Speaking before this audience is a little intimidating. Being a Rhetoric teacher and getting up to speak is sort of like that scene in The Incredibles, when Bob Parr turns to that kid on the Tricycle who always lurks at the drive way and says, “What are you waiting for?” And the kid replies, “Something amazing, I guess.” The standards of a classically educated audience are indeed high, and they should be. The job of a commencement speaker is simple: praise and challenge the graduates and bring honor to the occasion and everyone concerned.
But my words are not necessary, for each Veritas student, each Veritas family, and every Veritas teacher knows the exertion and discipline required to sit in one of these chairs. Each family here, each of you, in some measure, have borne this calling’s weight, taking personal responsibility for building one human being’s mind and character, in a multitude of countless small labors which would fatigue anyone but for God’s ever present grace. Regarding these graduates you deserve the honor that Jesus accords when he says, “Wisdom is vindicated by all her children.”
You have chosen to bet your energies on God’s promises, and time and again we see in Scripture that those who make their decisions based on God’s Covenant, on his promises, are the most important people in the room. Think of Boaz. He chose to marry Ruth, who was a Moabitess. He lowered himself socially, but he did so to keep the Law, and because he saw Ruth’s true faith in God. He humbled himself to be faithful, and because he did, he was actually the most important man of his time in terms of God’s Covenant. But this reality runs so counter to the way we think. I studied film at the Los Angeles Film Studies Center, a program that places Christians in the LA film industry, and it’s a hard business. This is a long-term mission of Christians in the Industry working to be salt and light. A few years ago I had breakfast with one of the faculty there, and I could tell he felt beaten down. I told him, that in terms of God’s story, he’s one of the most important people in Hollywood. If he got invited to the Oscars, and was sitting in the back, he’d still be one of the most important people in that room. His eyes began to water. It’s hard to believe, but it really is true. All the faithful Christians who are working in that industry are such, because God has made no promises to Hollywood, yet he has made every promise to his Church, to his people, to his sons and daughters. The eyes that counted Boaz as the most important man of his time see that
you are “the most important people in the room.” The most important people are those who walk in the wisdom of God. Solomon makes this point over and over again in Proverbs.

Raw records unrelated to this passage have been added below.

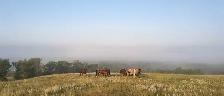 HIRING RANCH FOREMAN - Photo 6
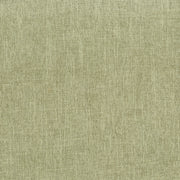 Celery Colour - soft light green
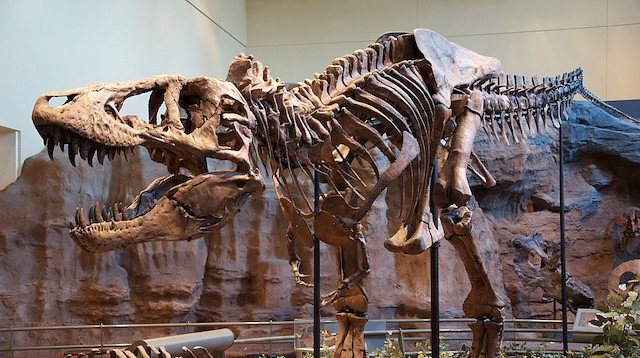 اكتشاف آثار أقدام أصغر ديناصور بالعالم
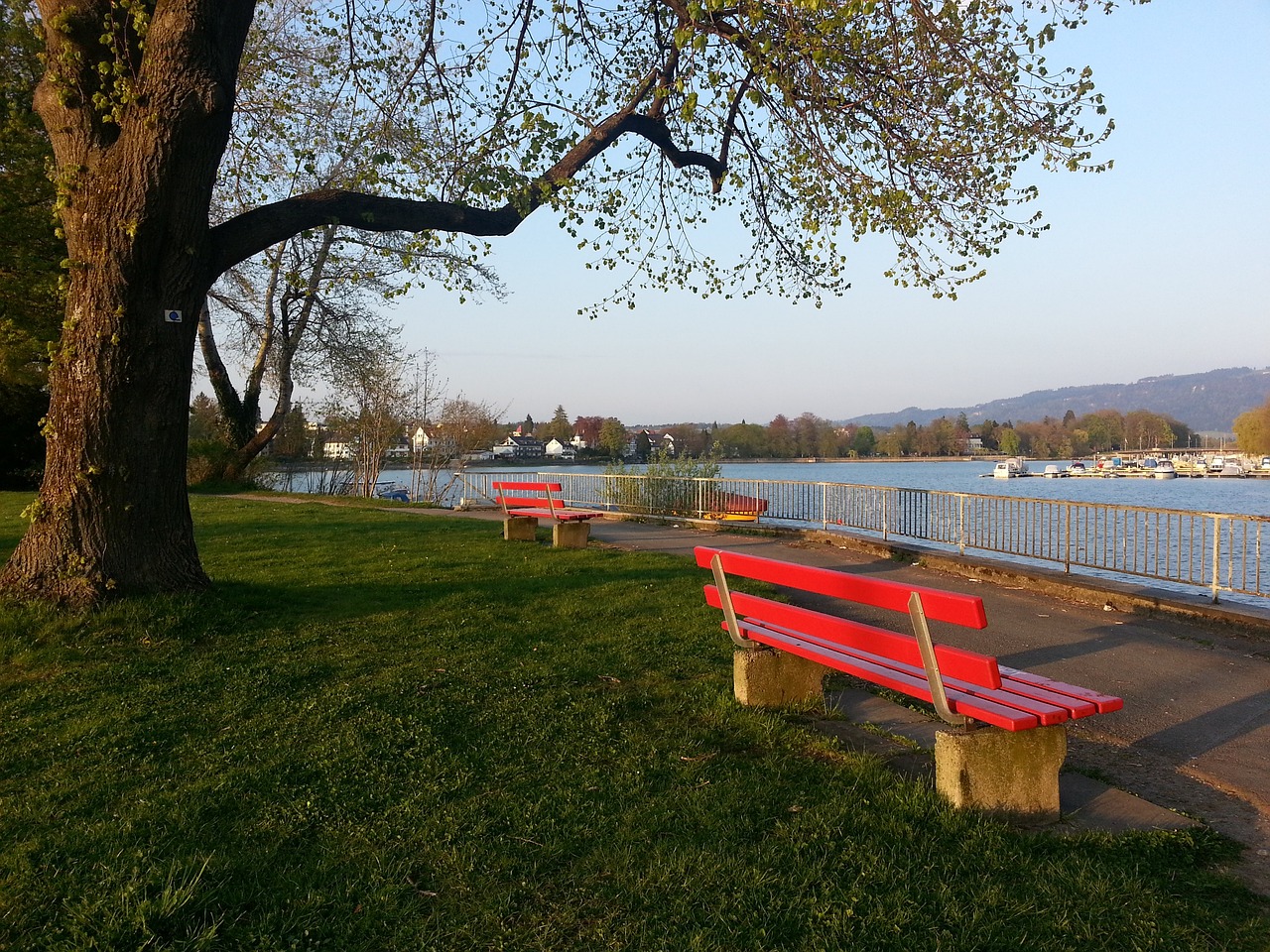 这样的表现 这样的表现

We all know Solomon teaches in Proverbs that the ultimate goal of all education is wisdom. He could be explaining our ambition at VPSA when he writes, (and this is my own translation of the Hebrew to get at Solomon’s exact meaning). In Proverbs 1:2-5 Solomon promises to teach one:
2 To know wisdom and discipline, To discern words of insight,
3 To acquire discipline in prudence: Righteousness, and justice, and equity;
4 To give to the callow cunning, To a youth knowledge and circumspection;
5 Let a wise man hear and he will increase his learning, And the man of insight will gain strategy.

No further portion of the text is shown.